Operator: Good morning, and welcome to the United Technologies' Fourth Quarter Conference Call. On the call today are Greg Hayes, Senior Vice President and Chief Financial Officer; and Jay Malave, Director, Investor Relations. This call is being carried live on the Internet and there is a presentation available for download from UTC's website at www.utc.com.
Please note, the Company will speak to results from continuing operations, except where otherwise noted. They will also speak to segment results adjusted for restructuring and one-time items as they usually do. The Company also reminds listeners that the earnings and cash flow expectations and any other forward looking statements provided in this call are subject to risks and uncertainties. UTC's SEC filings, including its 10-Q and 10-K reports, provide details on important factors that could cause actual results to differ materially from those anticipated in the forward-looking statements.
Once the call becomes open for questions, we ask that you limit your first round to two questions per caller to give everyone the opportunity to participate. You may ask further questions by reinserting yourself into the queue and we will answer as time permits.
Please go ahead, Mr. Hayes.
Gregory J. Hayes - SVP and CFO: Yeah. Thank you, Stephanie. Good morning, everyone. As you saw in the press release this morning, no surprises. UTC closed on a transformational 2012 just as Louis laid out for you in December. Full-year sales were just under $58 billion; that was up 4% from 2011. That, of course, was driven by the Goodrich and IAE acquisitions.
Earnings per share was $5.35 and that included about $0.50 of headwind from FX, pension and E&D. For the year, Goodrich is only about $0.06 dilutive, a little better than what we had expected, due to lower amortization, financing, and one-time deal costs, and more importantly better underlying performance in the Goodrich business.
Free cash flow was again strong at 108% of net income attributable to common share owners and we paid down about a third of the Goodrich debt just as we had planned. As we all know, 2012 was a challenging global economic environment, and while there is still plenty of uncertainty ahead for 2013 in both Europe and the U.S., we have seen signs of stabilization, particularly in Europe, and we started to see a gradual recovery in the U.S. economy, led by a rebound in housing market, and we continue to expect solid growth in emerging markets throughout the coming year.

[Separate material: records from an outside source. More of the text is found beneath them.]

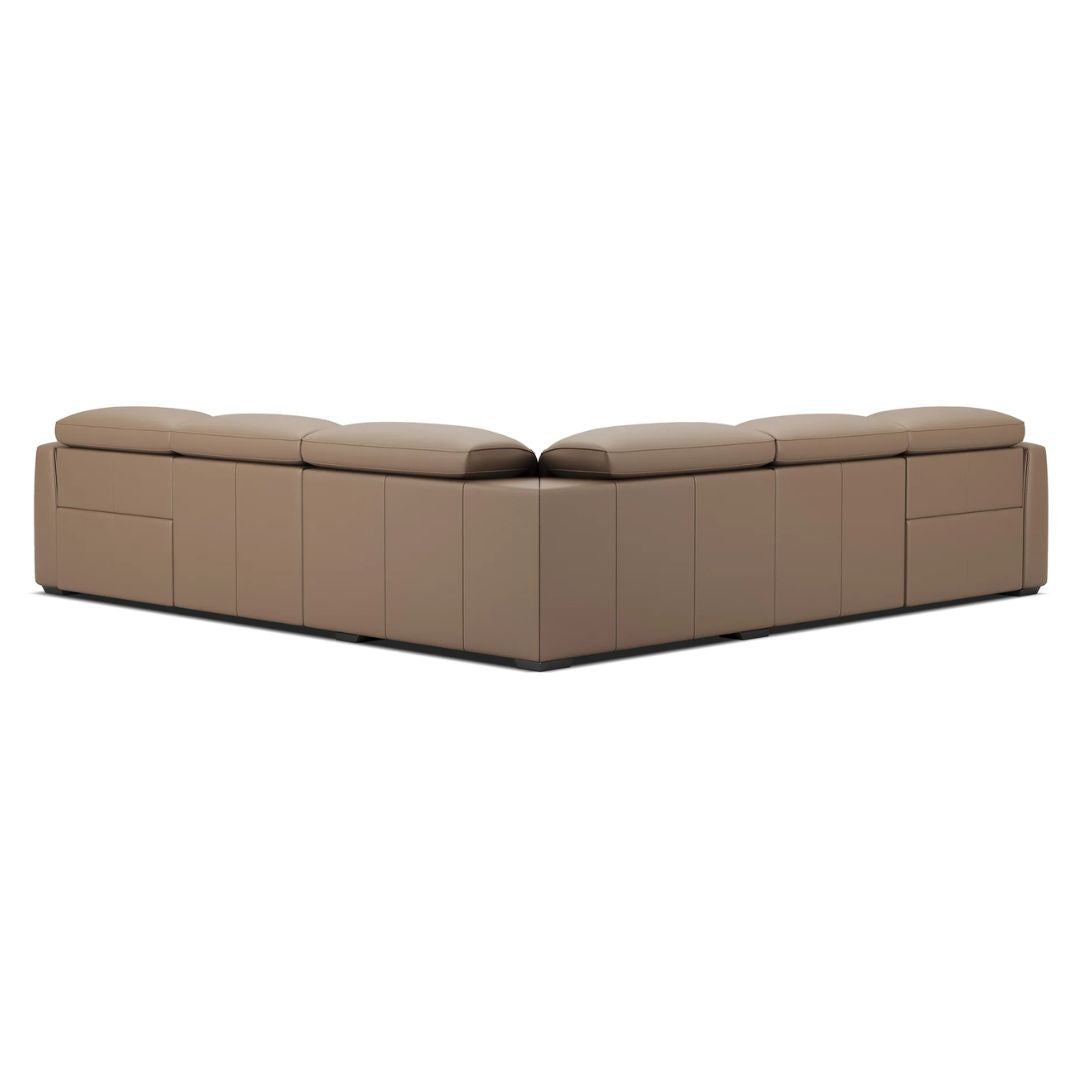 Carmen Dual Recliner Corner Sectional, Brown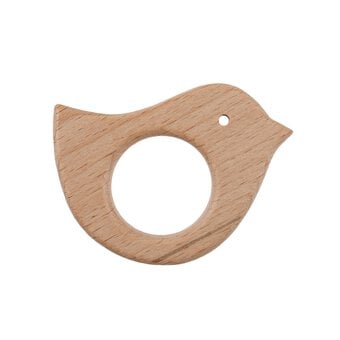 Trimits Wooden Bird Craft Ring 6cm 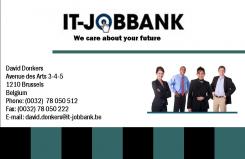 Huisstijl # 2012 voor Business Cards IT-JobBank.be wedstrijd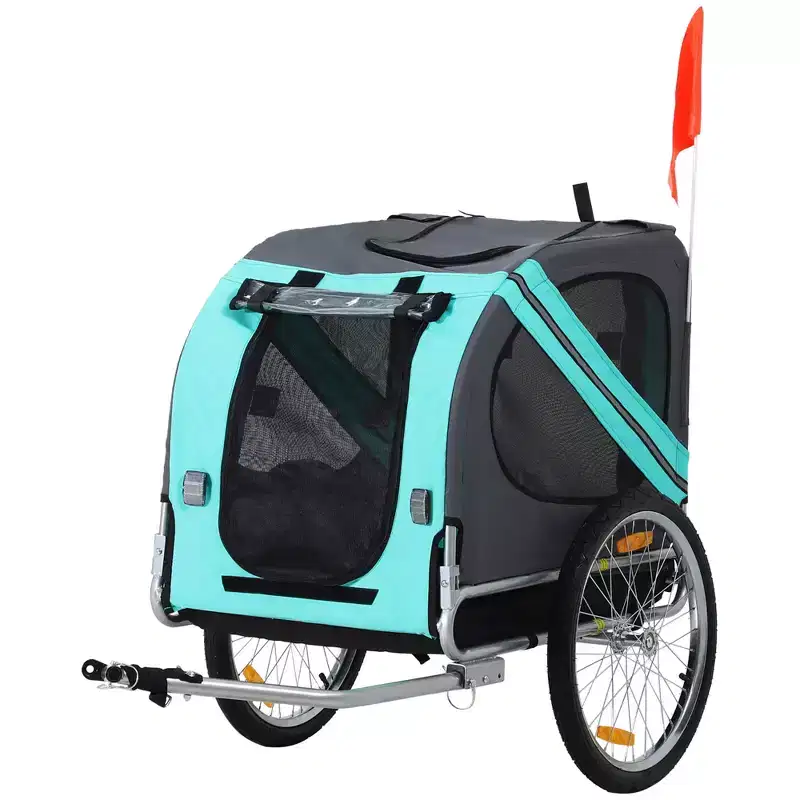 Dog Bike Trailer with 3 Entrances Large Wheels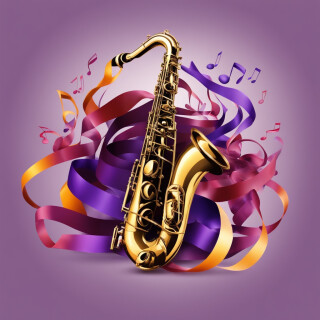 Saxophone visual #10176
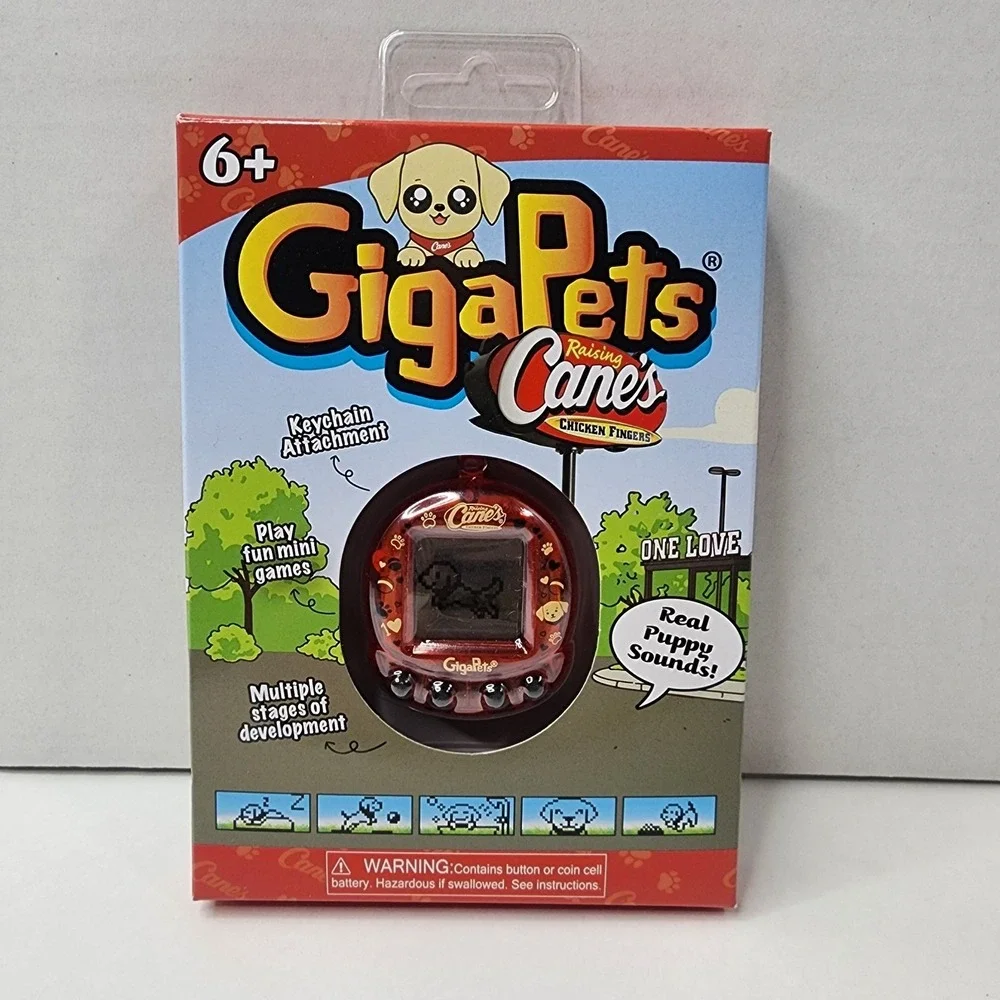 NEW Raising Cane's Giga Pets Golden Retriever Dog Keychain Toy US Exclusive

As you come to expect from UTC, we just didn't wait for the economy to recover. We proactively leveraged our scale and optimized our cost structure, while we continued to invest in game-changing technologies, all the while transforming the portfolio to take advantage of the growth opportunities over the next decade in our core markets of aerospace and commercial buildings.
We also took the difficult actions this past year, reducing our structural overhead costs and focusing on global growth markets. In 2012, we invested nearly $600 million in restructuring, of which $258 million was in the fourth quarter alone, as the business has continued to find solid payback projects to reduce costs and position us for earnings growth this year and beyond.